→ **Source material**

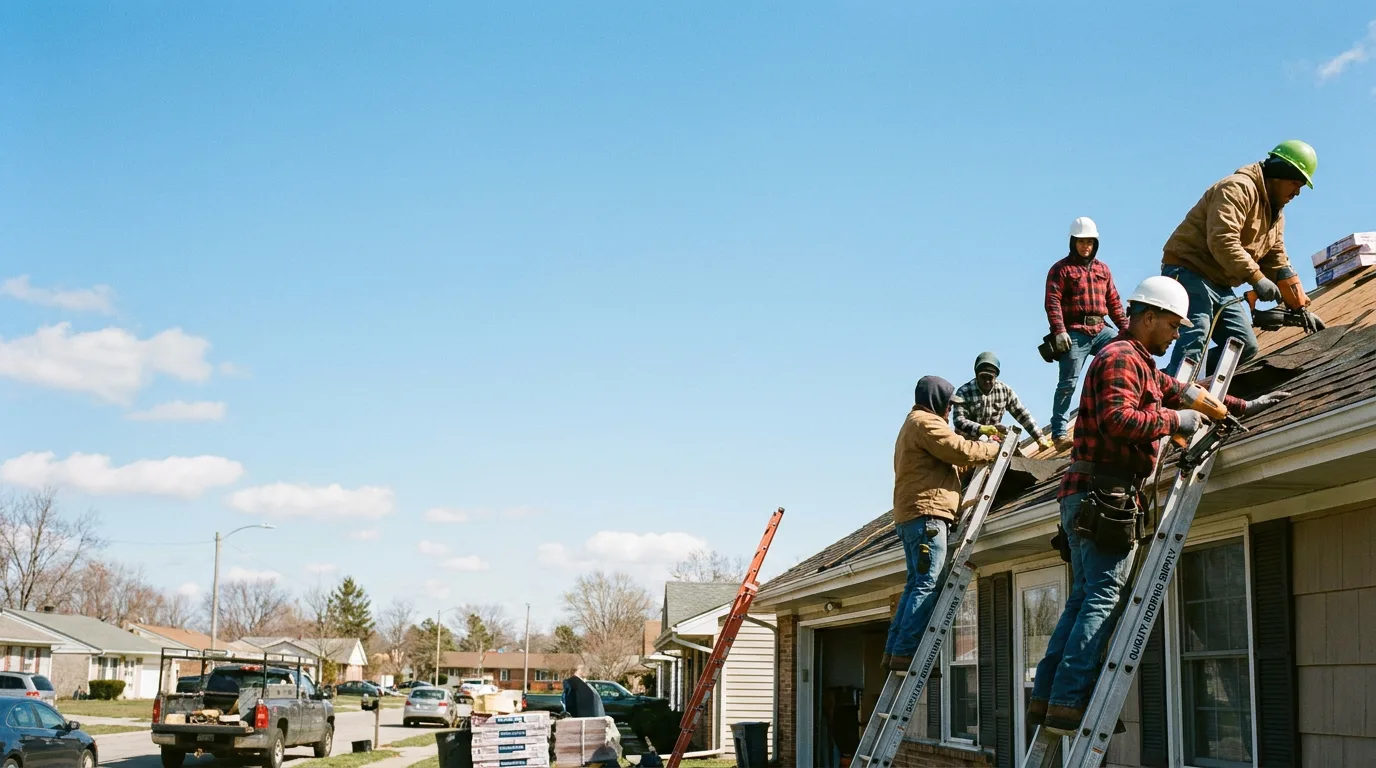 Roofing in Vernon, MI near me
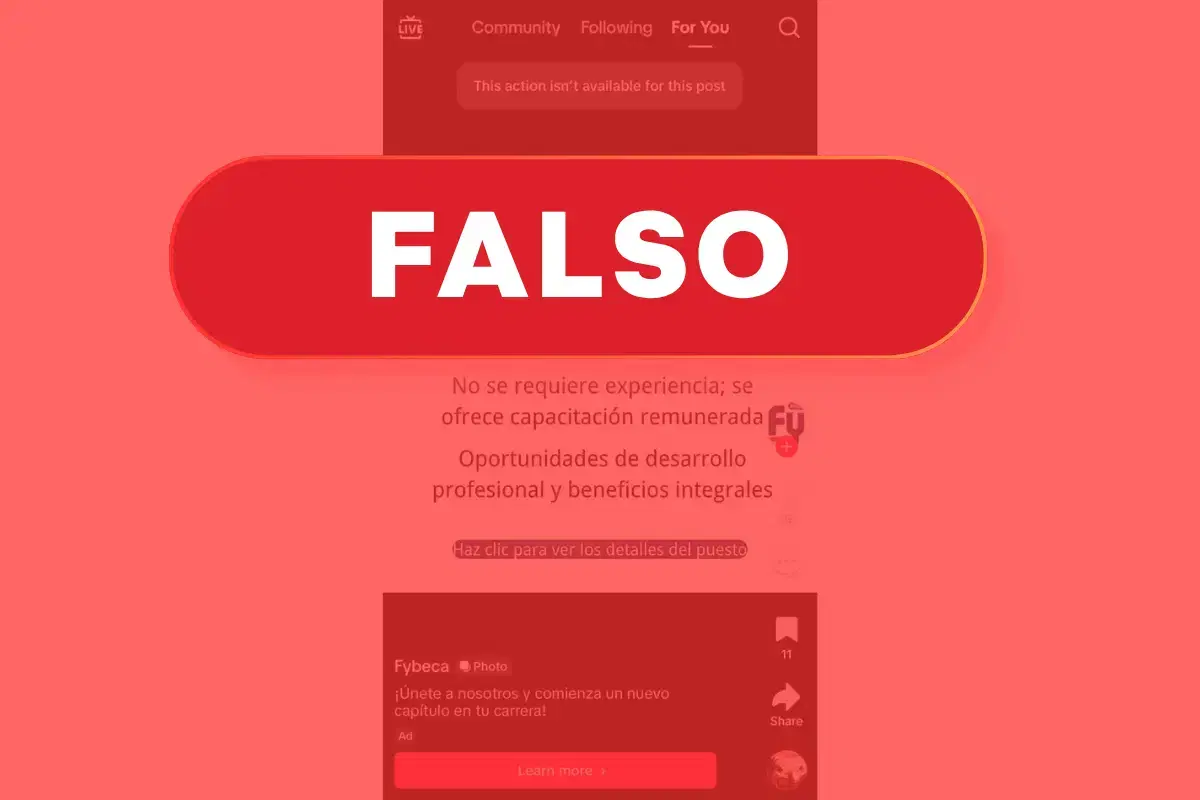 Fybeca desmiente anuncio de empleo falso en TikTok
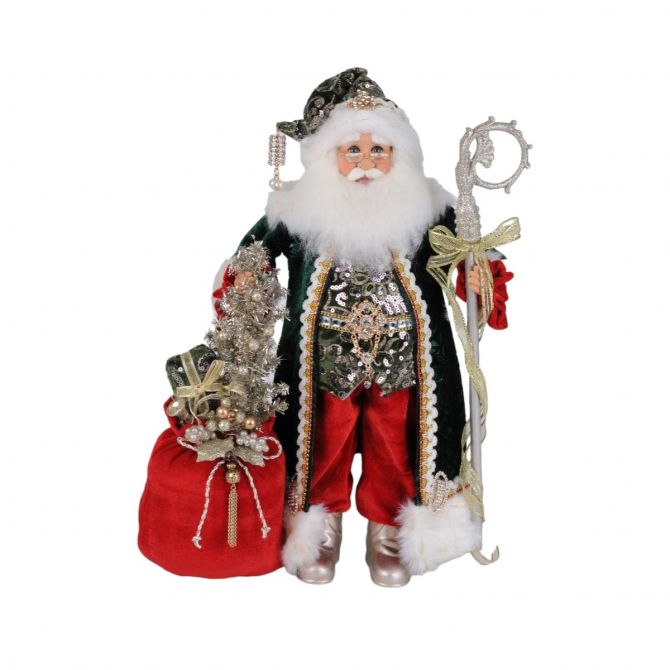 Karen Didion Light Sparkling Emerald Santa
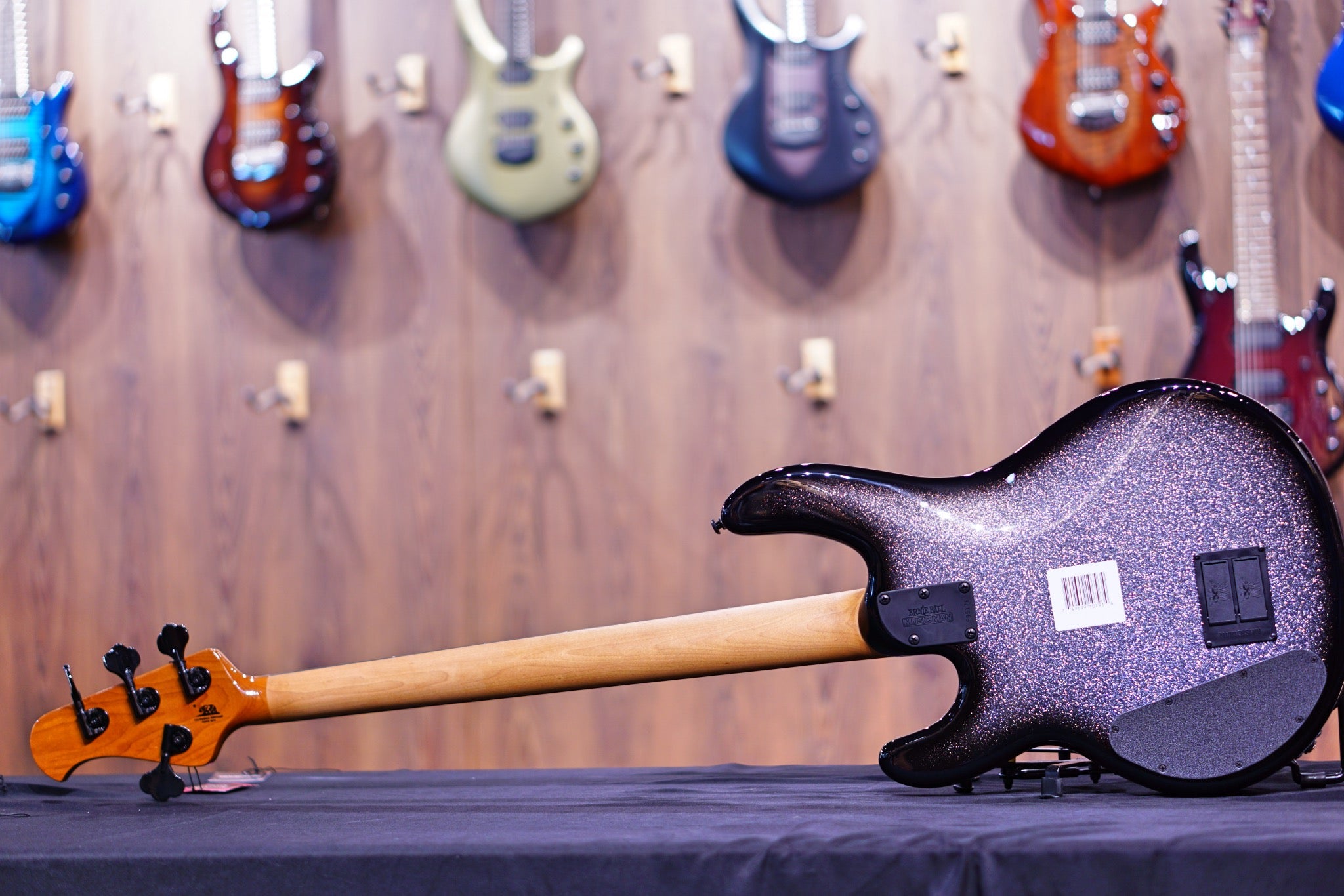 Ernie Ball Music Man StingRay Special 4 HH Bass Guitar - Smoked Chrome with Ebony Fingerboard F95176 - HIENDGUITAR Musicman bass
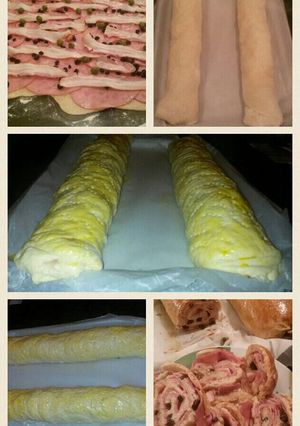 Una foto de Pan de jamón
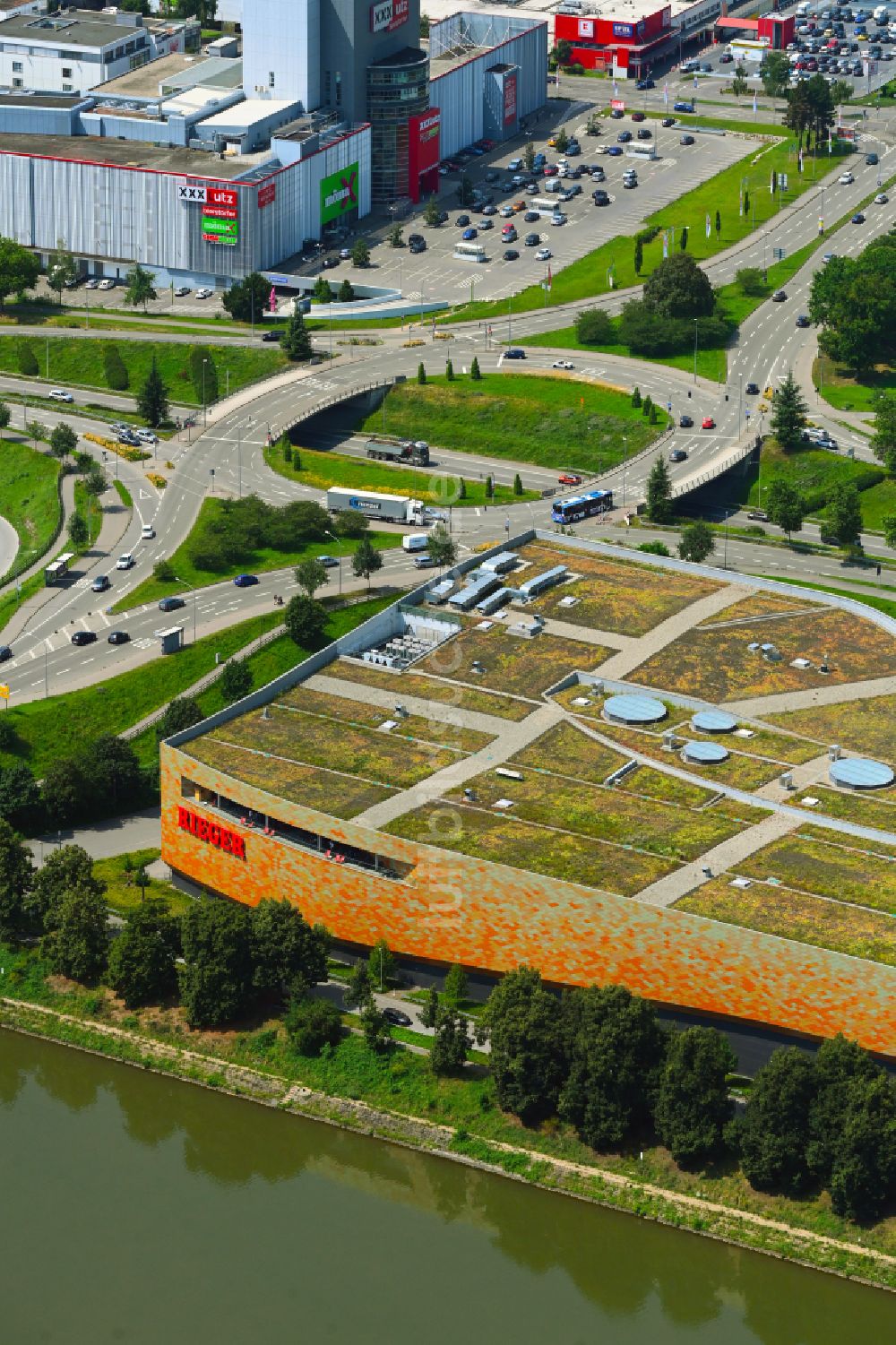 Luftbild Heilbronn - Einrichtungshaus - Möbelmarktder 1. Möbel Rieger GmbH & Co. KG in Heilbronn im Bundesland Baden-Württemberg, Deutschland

→ **What needs to be done**
Each record must be repeated verbatim, and no picture may appear in the copy.

→ **Answer box**
 Roofing in Vernon, MI near me
 Fybeca desmiente anuncio de empleo falso en TikTok
 Karen Didion Light Sparkling Emerald Santa
 Ernie Ball Music Man StingRay Special 4 HH Bass Guitar - Smoked Chrome with Ebony Fingerboard F95176 - HIENDGUITAR Musicman bass
 Una foto de Pan de jamón
 Luftbild Heilbronn - Einrichtungshaus - Möbelmarktder 1. Möbel Rieger GmbH & Co. KG in Heilbronn im Bundesland Baden-Württemberg, Deutschland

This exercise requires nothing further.